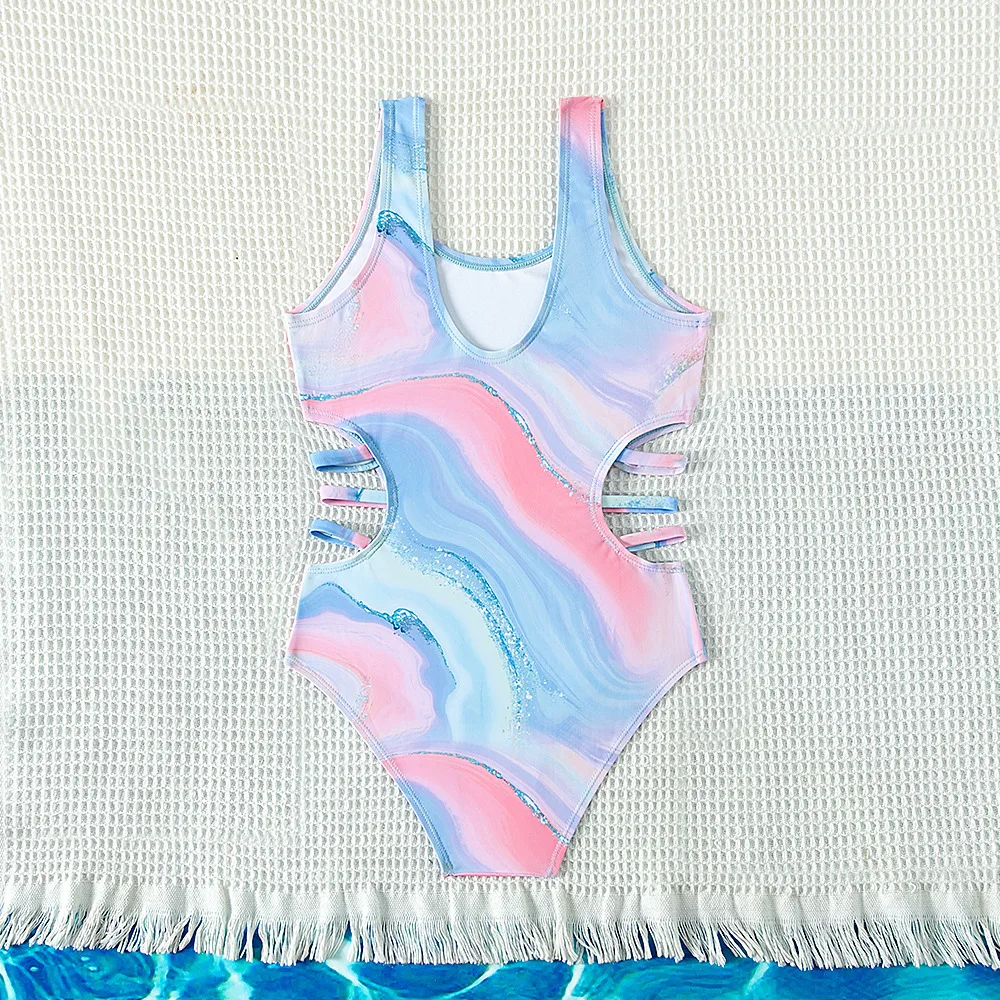 One Piece Swimsuit Children Swimsuit Children Swimsuits New Design kids Tie-dye Print One-piece Swimsuit for Teen Girls Blue Swimwears Bathing Suits 5-15 Years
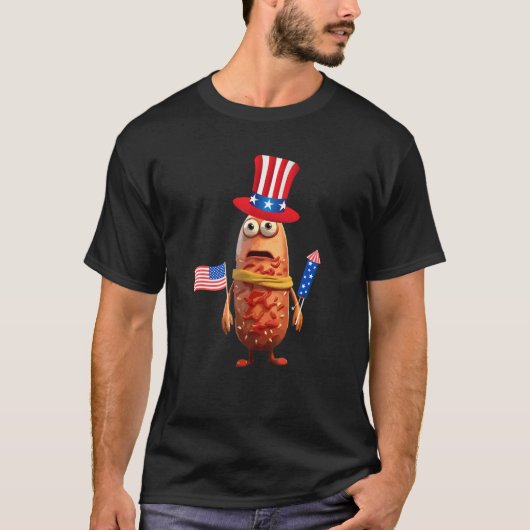 4th of July Hot Dog Hotdog 4th of July Independenc T-shirt (Voorkant)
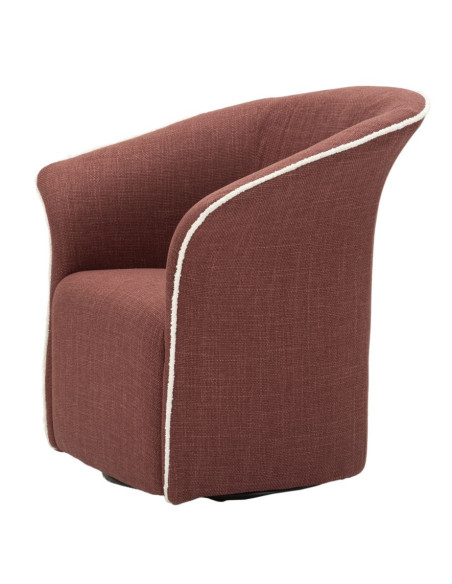 Fauteuil pivotant moderne chic Tissu Rouge bordeaux Blanc Siena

### What to work on
With the images removed, reproduce all the material above word for word.

### Exercise result
 One Piece Swimsuit Children Swimsuit Children Swimsuits New Design kids Tie-dye Print One-piece Swimsuit for Teen Girls Blue Swimwears Bathing Suits 5-15 Years
 4th of July Hot Dog Hotdog 4th of July Independenc T-shirt (Voorkant)
 Fauteuil pivotant moderne chic Tissu Rouge bordeaux Blanc Siena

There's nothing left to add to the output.